La première étape était de comprendre, pour les militants anticolonialistes comme pour les immigrés et leurs « héritiers » (pour reprendre la belle expression d’Abdelmayek Sayad), qu’ils n’étaient pas des travailleurs de passage qui « rentreraient au pays » mais des citoyens à part entière, et reconnus comme tels.
Les années 80 marquent une rupture profonde. La fin des « 30 glorieuses », l’arrivée de la crise et la vague néolibérale ont de très lourdes conséquences sur le monde du travail : le chômage de masse, la précarité et l’exclusion désagrègent les liens sociaux des territoires populaires de périphérie. La déconstruction du monde ouvrier déstructure la société et reconfigure l’ensemble des rapports au politique.

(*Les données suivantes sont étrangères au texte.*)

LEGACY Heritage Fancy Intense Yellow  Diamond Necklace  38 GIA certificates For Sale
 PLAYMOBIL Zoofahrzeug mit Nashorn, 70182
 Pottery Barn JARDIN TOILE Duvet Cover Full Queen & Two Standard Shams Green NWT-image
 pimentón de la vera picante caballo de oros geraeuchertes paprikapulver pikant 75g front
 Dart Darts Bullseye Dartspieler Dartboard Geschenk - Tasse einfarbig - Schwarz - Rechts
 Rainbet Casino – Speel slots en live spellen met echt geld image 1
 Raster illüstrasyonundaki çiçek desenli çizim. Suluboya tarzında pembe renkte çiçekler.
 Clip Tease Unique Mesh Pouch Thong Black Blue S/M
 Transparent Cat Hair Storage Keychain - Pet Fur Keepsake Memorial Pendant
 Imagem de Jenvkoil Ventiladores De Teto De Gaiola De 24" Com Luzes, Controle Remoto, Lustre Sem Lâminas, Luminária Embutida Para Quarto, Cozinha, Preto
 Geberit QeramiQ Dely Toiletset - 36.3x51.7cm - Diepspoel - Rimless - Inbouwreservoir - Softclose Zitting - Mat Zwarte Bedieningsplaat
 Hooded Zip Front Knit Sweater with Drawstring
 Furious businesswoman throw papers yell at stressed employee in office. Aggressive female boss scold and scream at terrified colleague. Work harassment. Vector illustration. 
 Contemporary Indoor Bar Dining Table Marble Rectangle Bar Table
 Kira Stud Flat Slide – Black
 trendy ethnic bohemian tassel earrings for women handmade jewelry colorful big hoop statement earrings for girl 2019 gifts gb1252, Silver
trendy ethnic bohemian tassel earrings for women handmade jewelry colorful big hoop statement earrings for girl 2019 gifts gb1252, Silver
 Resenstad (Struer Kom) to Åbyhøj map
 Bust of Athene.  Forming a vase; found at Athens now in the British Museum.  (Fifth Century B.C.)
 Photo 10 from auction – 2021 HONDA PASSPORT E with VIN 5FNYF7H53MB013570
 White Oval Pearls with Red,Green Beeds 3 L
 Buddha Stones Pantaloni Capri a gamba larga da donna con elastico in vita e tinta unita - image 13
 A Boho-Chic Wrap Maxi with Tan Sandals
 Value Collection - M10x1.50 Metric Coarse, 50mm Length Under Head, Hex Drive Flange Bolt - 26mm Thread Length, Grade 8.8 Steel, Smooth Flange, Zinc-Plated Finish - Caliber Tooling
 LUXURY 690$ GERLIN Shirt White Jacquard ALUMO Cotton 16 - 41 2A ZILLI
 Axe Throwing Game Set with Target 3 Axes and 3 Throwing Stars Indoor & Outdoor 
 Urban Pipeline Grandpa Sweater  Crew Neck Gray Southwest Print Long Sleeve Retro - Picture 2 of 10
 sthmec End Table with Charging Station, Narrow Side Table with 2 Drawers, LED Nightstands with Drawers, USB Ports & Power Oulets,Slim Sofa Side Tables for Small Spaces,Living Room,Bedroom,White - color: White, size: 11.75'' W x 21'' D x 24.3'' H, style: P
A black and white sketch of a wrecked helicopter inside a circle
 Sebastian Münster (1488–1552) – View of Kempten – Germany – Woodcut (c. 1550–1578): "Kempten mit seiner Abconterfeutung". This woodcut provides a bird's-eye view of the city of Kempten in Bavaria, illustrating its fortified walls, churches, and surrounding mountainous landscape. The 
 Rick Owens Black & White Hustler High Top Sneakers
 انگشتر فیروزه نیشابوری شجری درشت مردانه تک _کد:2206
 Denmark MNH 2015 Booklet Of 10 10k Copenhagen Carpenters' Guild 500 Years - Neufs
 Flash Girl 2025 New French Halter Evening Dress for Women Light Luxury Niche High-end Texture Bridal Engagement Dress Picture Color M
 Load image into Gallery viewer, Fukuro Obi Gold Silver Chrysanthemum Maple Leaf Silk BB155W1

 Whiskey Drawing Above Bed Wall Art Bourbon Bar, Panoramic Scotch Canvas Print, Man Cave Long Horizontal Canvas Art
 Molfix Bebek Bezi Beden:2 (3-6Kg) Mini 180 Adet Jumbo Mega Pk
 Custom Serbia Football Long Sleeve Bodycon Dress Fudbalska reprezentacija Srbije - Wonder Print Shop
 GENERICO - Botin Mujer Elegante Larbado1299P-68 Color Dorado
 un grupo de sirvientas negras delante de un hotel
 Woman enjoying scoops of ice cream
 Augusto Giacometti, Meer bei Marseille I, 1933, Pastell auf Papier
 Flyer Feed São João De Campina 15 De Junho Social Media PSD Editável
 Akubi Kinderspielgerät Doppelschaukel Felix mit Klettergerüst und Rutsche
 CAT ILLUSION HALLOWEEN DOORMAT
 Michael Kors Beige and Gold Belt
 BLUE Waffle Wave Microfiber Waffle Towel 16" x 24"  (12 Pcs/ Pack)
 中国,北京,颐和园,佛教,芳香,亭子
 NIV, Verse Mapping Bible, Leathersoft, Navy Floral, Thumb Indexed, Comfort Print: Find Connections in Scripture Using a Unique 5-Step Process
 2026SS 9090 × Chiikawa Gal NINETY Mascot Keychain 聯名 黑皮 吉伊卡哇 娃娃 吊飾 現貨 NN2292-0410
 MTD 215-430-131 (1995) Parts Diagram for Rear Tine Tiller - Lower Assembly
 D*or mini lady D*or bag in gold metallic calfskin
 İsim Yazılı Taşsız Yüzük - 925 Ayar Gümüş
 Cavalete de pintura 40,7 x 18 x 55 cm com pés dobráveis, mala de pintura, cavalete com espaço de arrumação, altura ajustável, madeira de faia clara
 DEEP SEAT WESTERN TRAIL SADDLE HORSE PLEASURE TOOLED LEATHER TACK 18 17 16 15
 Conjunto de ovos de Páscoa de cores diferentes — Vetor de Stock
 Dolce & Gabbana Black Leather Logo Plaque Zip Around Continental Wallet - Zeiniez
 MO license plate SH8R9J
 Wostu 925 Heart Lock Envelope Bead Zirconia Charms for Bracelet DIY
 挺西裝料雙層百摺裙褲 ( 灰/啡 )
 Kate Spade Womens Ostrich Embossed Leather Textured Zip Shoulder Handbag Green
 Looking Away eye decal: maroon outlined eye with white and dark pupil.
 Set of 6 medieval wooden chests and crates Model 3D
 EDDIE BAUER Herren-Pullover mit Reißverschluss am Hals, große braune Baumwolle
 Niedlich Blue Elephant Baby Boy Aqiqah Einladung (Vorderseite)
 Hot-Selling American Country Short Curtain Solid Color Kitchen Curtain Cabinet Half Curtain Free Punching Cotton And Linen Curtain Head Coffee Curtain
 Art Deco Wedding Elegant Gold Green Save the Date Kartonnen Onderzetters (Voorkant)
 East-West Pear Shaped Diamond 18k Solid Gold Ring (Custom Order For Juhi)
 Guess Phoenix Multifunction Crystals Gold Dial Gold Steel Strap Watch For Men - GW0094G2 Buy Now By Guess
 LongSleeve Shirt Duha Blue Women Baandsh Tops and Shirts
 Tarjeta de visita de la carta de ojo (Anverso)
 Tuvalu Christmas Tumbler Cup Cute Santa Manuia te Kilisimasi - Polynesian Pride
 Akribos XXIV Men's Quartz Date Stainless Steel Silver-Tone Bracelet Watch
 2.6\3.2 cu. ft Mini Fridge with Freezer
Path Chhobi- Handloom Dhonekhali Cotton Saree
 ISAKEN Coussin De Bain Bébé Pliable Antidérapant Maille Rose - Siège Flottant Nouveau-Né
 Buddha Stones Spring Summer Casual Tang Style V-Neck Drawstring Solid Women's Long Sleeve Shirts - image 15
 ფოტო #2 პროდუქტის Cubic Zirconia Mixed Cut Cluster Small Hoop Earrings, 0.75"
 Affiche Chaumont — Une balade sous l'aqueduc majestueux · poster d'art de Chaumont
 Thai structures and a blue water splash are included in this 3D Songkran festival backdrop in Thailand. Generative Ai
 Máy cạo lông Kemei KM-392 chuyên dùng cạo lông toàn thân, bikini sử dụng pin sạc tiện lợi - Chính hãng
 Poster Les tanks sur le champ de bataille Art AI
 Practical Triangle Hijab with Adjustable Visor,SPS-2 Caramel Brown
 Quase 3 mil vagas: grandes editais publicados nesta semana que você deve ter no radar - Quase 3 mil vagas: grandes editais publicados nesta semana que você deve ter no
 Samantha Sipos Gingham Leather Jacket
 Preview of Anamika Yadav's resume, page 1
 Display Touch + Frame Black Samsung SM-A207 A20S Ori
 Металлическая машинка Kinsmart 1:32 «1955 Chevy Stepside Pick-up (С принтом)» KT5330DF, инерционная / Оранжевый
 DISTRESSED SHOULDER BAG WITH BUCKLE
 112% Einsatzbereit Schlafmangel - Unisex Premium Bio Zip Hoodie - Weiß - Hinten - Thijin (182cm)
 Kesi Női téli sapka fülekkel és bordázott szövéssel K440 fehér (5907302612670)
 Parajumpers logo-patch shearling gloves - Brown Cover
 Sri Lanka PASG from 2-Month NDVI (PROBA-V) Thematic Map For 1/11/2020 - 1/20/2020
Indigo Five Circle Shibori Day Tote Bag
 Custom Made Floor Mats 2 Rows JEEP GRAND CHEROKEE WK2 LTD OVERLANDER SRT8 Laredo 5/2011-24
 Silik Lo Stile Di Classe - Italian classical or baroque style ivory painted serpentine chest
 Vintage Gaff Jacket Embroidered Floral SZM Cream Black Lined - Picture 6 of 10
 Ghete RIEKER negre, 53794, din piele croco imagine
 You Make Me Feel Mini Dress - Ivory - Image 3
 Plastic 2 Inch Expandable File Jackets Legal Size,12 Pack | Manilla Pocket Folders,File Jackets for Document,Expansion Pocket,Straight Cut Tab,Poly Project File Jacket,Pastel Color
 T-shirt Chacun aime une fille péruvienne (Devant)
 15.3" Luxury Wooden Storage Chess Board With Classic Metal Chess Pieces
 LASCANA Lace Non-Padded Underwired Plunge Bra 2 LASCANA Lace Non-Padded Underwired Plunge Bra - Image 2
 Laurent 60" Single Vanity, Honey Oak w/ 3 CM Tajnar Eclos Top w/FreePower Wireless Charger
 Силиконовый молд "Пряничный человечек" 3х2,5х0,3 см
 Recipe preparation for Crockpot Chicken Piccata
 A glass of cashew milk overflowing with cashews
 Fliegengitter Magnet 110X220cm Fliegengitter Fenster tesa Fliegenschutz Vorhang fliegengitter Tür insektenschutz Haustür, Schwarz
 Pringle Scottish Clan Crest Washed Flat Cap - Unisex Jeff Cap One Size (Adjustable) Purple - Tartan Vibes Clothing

Les migrants, leurs familles et leurs descendants, en sont à double titre les principales victimes puisqu’ils occupent les emplois les plus précaires et les plus durement frappés, parce qu’ils vivent dans les territoires périphériques épicentres de la crise.
En réponse à la stigmatisation et à l’injustice émerge un sentiment de révolte qui aboutira à la Marche pour l’égalité des droits de 1983. C’est un marqueur important puisqu’elle va permettre d’aboutir à l’apparition des « héritiers » de l’immigration au sein de l’univers politique.
La qualification de « Marche des Beurs » par les médias et une partie de la classe politique démontre à quel point cette mobilisation a été mal comprise, et mal interprétée. Les espoirs de justice, d’égalité et de liberté dont elle était porteuse ont été détournés par un pouvoir qui, pour mieux les étouffer, a tenté d’enfermer ces revendications dans des particularismes.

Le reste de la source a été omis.